Aparece outra vítima de policial que espancou mulher algemada

Vítima diz que foi agredido por tenente da PM, e ainda teve sua caminhonete cravejada de balas

24 NOV 2020 • POR Marcos Tenório, com informações do Correio do Estado • 10h23
Laudo mostra os disparos dos policiais contra a caminhonete - Correio do Estado

O 2º tenente André Luiz Leonel investigado por agressão e abuso de autoridade por ter espancado uma turista em Bonito no fim de setembro dentro do quartel da Polícia Militar, tem um histórico de investigações por reações desproporcionais durante abordagens.

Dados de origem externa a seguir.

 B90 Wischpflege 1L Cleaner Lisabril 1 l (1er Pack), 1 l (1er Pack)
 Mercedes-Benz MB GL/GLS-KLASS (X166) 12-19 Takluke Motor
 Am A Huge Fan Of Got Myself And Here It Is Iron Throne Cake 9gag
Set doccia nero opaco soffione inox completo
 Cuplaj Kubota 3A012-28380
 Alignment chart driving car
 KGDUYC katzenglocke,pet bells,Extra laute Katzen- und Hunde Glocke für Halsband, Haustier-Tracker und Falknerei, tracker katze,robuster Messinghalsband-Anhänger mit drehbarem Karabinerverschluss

Após o vídeo viralizar e ser repercutido no brasil inteiro, mais uma vítima apareceu.

Conforme o site Correio do Estado, o professor de Educação Física Eurípedes Luiz da Silva Filho, o Pinho, teve a vida virada de cabeça para baixo após uma briga conjugal, onde ele havia se apoderado do telefone celular da esposa. “Quem bate esquece, mas quem apanha não”, disse o professor.

Ele conta ao site, que as agressões começaram quando ele tentou devolver o aparelho celular, ele relatou que não estava armado mas foi recebido a tiros pelos policiais que estavam sendo chefiados por Leonel. “Baixei o vidro do lado do passageiro e estiquei o braço para devolver o celular [da minha esposa]. Quando olhei do lado esquerdo, este policial, o Leonel, engatilhou uma pistola na minha cabeça”, afirma.  

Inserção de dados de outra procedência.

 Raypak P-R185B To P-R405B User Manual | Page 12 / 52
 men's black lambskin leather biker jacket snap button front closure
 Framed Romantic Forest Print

No hora dos fatos, Eurípedes ficou assustado e ligou a caminhonete S-10, foi quando os policiais efetuaram mais disparos, que acertaram dois pneus e toda a lateral da picape, foi cravejada de balas. 

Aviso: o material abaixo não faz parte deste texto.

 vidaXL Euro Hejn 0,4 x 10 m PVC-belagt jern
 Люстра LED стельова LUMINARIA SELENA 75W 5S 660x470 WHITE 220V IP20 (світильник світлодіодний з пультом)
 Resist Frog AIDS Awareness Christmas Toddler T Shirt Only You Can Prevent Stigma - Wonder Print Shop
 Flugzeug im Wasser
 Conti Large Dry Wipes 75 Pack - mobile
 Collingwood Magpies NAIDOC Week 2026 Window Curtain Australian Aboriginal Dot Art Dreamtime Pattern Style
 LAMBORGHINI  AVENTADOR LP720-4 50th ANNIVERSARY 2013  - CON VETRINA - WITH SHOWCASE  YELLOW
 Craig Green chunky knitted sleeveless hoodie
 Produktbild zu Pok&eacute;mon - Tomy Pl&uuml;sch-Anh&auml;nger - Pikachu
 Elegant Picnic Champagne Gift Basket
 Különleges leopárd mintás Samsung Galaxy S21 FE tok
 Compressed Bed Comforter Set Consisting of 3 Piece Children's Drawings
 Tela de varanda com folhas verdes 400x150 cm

Eurípedes teve que responder um processo por tentativa de homicídio, movimento pelo Ministério Público, em que o policial militar Ramão Benedito Soares, que fazia parte a equipe de Leonel, na ocasião, é a vítima. A tentativa descrita seria no momento em que ele teria investido sua caminhonete contra e equipe de policiais.

No seu depoimento, Eurípedes fala que Leonel queria que a mulher fizesse um B.O de violência doméstica. “Não teve violência doméstica, o Leonel pressionou, queria obrigá-la a fazer um boletim de ocorrência (...) e ela disse ‘como assim? Ele não me agrediu. Sempre foi um bom pai. Ele só pegou meu celular’”, conta o professor de Educação Física.

Ele conta ainda que, depois de arrancar para tentar fugir dos policiais, ele foi cercado por duas viaturas. “O policial Ramão, ao descer do carro com um fuzil atravessado no pescoço, ele escorregou, caiu e bateu o joelho no asfalto ao descer da viatura. Gritaram para mim, deram ordem de prisão. Eu levantei os braços para cima, e foi desferido um tiro com bala de borracha na minha barriga – eu já havia me entregado. Me algemaram, me jogaram no chão, pisaram no meu pescoço, pisaram na minha cabeça, chutaram minha costela no chão, eu com a cara no chão”, relata ao Correio do Estado.

Tudo que aconteceu, resultou em uma investigação na Corregedoria da Polícia Militar, e conforme relatório assinado pelo capitão Francisco Solano Espíndola, não foi encontrado qualquer crime militar na conduta de Leonel e sua equipe.  

“Na delegacia, ele [Leonel] colocou a mão no bolso, retirou 3 gramas de cocaína e disse que elas estavam comigo”, afirma Eurípedes. Eurípedes negou que portasse qualquer droga e diz que nunca fez uso algum de entorpecentes. Apresentou, inclusive, exames toxicológicos com resultado negativo. 

Ele ainda disse que, durante audiência no Judiciário, cada um dos policiais ouvidos informou que a droga apresentada por Leonel, somente na delegacia estava em um lugar diferente do carro.